Have you ever gone into your massage therapy appointment, feeling completely normal beforehand, but find yourself in tears halfway through? Experiencing tears or laughter during your treatment is nothing to feel embarrassed about. This burst of emotion is your body’s way of releasing of those feelings in a very normal and healthy way.
What Is Emotional Release?
The physical benefits of massage therapy are widely known. Regular massage therapy can help reduce swelling and inflammation in the body, decrease chronic pain, manage high blood pressure, and so much more. But there are also many emotional benefits to receiving regular massage therapy as well.

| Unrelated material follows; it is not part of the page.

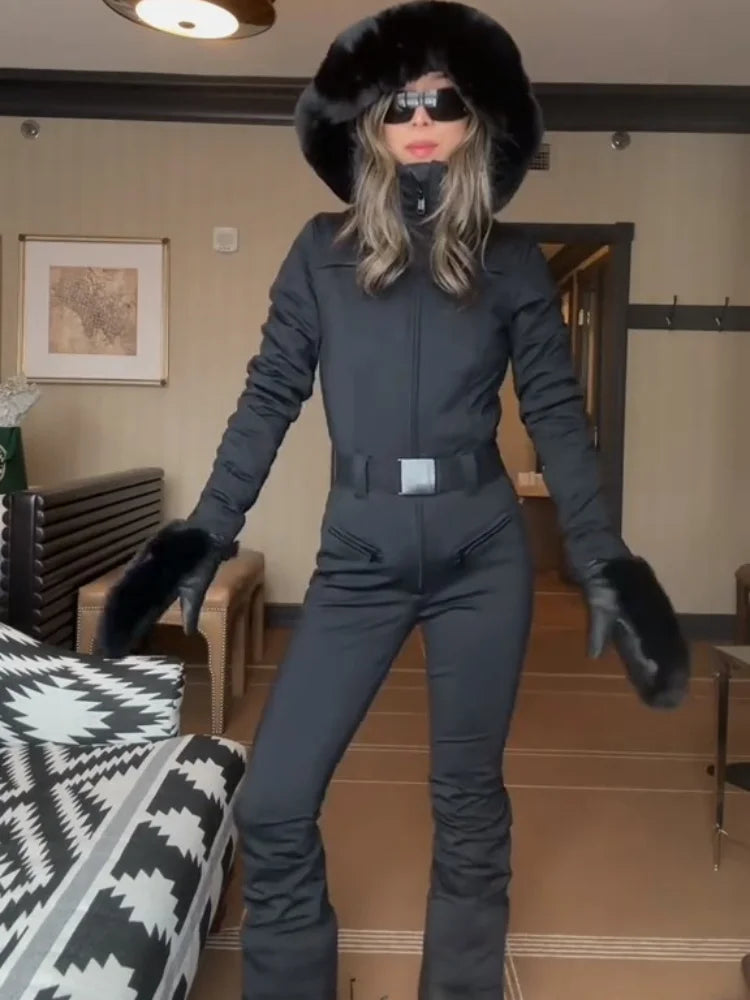 Mono de esquí casual con capucha y ribete de piel para mujer, a la moda, con cinturón, ajustado, de manga larga, cálido, para invierno 2026
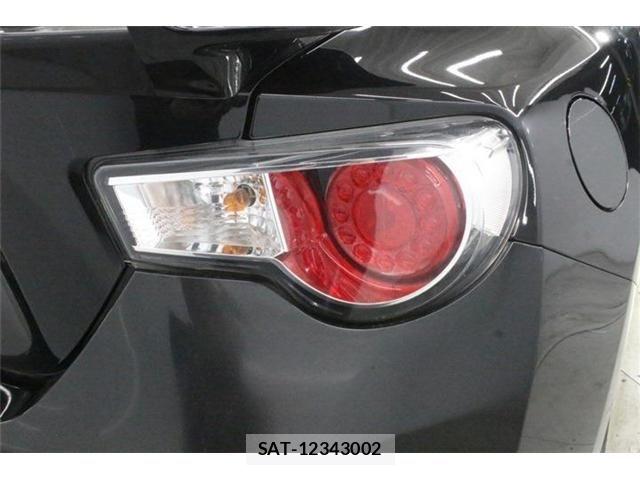 Toyota 86 2013-09 8144672-16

As we age or experience an injury within our muscle or joints, the body stores that physical stress deep inside. If those injuries aren’t addressed right away, over time they will get worse and could result in a larger, much more painful issue. The same goes for our emotional health. When we experience trauma, our body holds on that those emotions, tucking them away deep in our tissues.
As your massage therapist works on your muscles and penetrates deep into your soft tissue, oxygen and nutrients rush through your cells, pushing out toxins and detoxifying those areas. This can unlock emotional energy stuck in the tissue triggering you to feel an intense rush of emotions. Embracing this release and allowing your body to let go of this energy will help your body find it’s way back to the healthy, balanced state it desires to be in. Allowing your mind to relax and free it’s self of the burden of negative feelings will give you a sense of rejuvenation and calming relaxation.
What Do I Do If It Happens to Me?
Emotional release is a completely normal response! Your mind could be triggered to remember a specific memory or it could be just an overwhelming release of stress. Either way, your massage therapist will be trained in helping you through this emotional expression and will support you during this time. It is healthy to detox your mind of this stress and release it from your body. If you are too uncomfortable to move forward with the remainder of your session, communicate that to your therapist. Together, you can discuss steps on how you should move forward.